This workshop is designed to support K-12 educators with the creation of language-inclusive classrooms which honour the diverse home languages spoken by our students as well as acknowledge their lived experiences. Leveraging a student’s first language is a powerful tool for supporting language acquisition in a target language. As educators, we need to be cognizant of possible traumas our students have lived through and aware of how to best support their learning. A question many educators wonder is how to be proactive while still maintaining high standards for academic learning and acquisition of the English language. The workshop will aim to answer this question by focusing on:
- Structuring the classroom and learning in ways that foster community and include home languages.
- Introducing specific, actionable language acquisition strategies to support multilingual learners while also being helpful to all learners in the class.
- Discussing trauma-informed practices and how they connect to today’s classrooms.

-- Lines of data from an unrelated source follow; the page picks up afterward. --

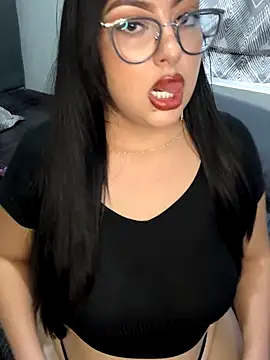 MileyGia online show from 12, 10, 2025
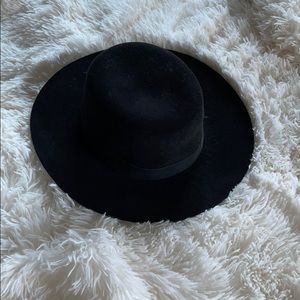 UO Black Hat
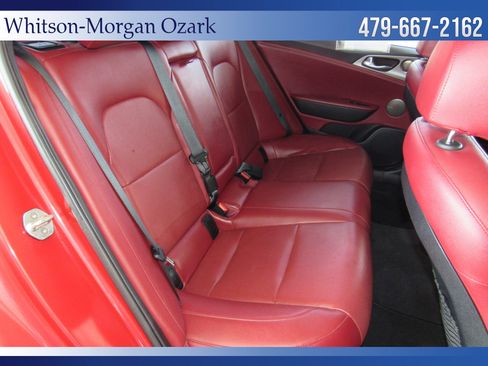 Used 2018 Kia Stinger GT1 RWD image 27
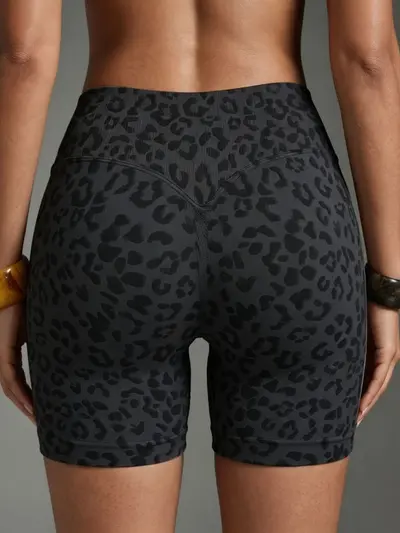 Women's High-Waist Hip-Lifting Three-Quarter Yoga Pants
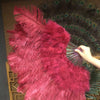 Abanico de plumas de avestruz de marabú color burdeos de 21&quot;x 38&quot; con bolsa de viaje de cuero.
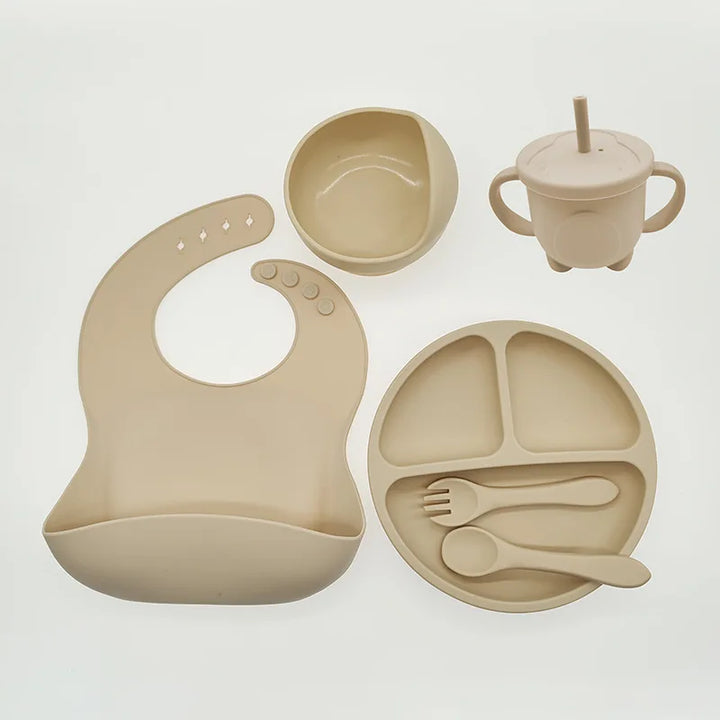 Practical baby silicone feeding set, easy clean non-slip suction plate for stress-free mealtimes.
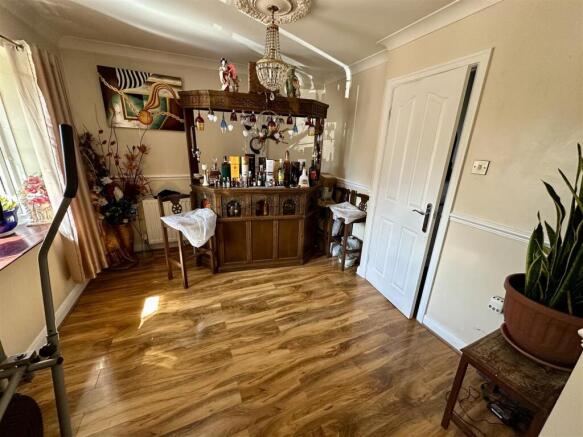 4 bed Detached for sale Image 6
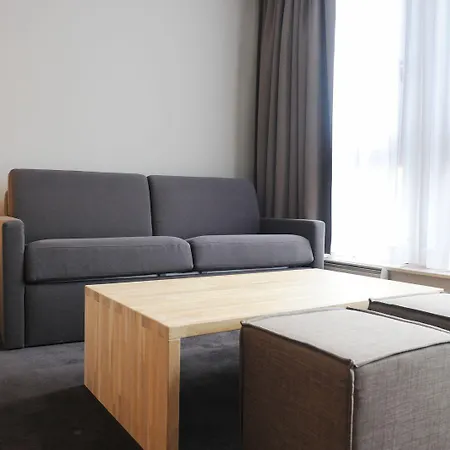 9hotel Chelton 4* Брюссель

Teachers will leave the workshop with a toolkit of ideas and strategies for fostering an inclusive language community that encourages and reinforces learning in English.
Presenter Bios
Fanny Lee 
Fanny Lee is the ELL Helping Teacher for the Burnaby School District. She has over 33 years of experience supporting multilingual students as a classroom teacher, ELL teacher, and district support teacher. She is an experienced presenter, Sheltered Instruction Observation Protocol (SIOP) trainer affiliated with the Centre for Applied Linguistics, and mentor to early career teachers.
Kiran Abraham
Kiran Abraham is an ELL and Social Studies teacher for the Burnaby School District with over 13 years of experience as both a classroom and ELL teacher. She has been a district ELL consultant and has extensive experience in providing professional development workshops and supporting ELL and classroom teachers. In addition, she is an SIOP trainer and regularly collaborates with district ELL consultants from around British Columbia to share current research, teaching practices, and ideas.